### Exercise description:
In the material below, find the line that contains "Hawaii Palaka Back" and the line that contains "Washed Ribbed Dolman Sleeve Round Neck Top", then write out exactly those two lines and everything between them.
[Opening Task inputs section]
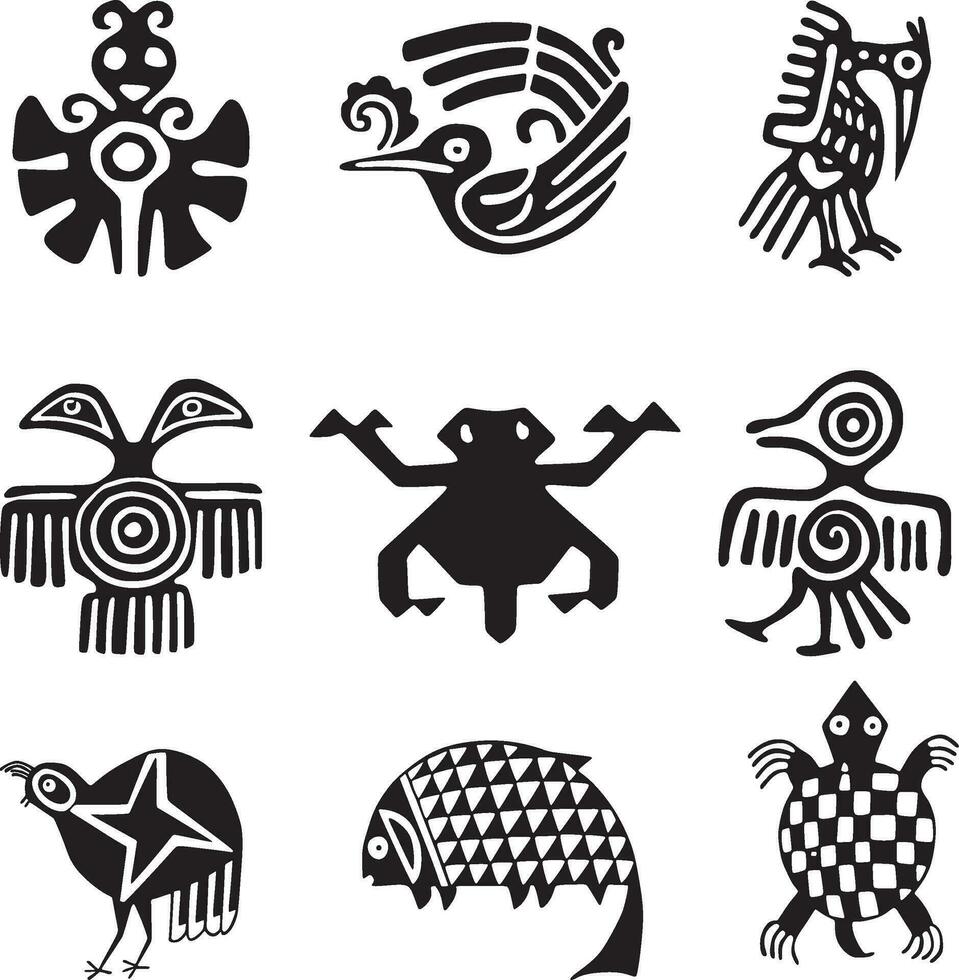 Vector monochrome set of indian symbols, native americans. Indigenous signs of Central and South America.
[Closing Task inputs section]
[Opening Task inputs section]
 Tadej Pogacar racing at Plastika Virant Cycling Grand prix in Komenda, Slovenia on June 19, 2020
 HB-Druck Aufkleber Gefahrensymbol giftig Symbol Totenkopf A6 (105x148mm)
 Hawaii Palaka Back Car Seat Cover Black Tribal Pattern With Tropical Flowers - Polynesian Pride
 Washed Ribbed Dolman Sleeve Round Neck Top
[Closing Task inputs section]
### Task result:
 Hawaii Palaka Back Car Seat Cover Black Tribal Pattern With Tropical Flowers - Polynesian Pride
 Washed Ribbed Dolman Sleeve Round Neck Top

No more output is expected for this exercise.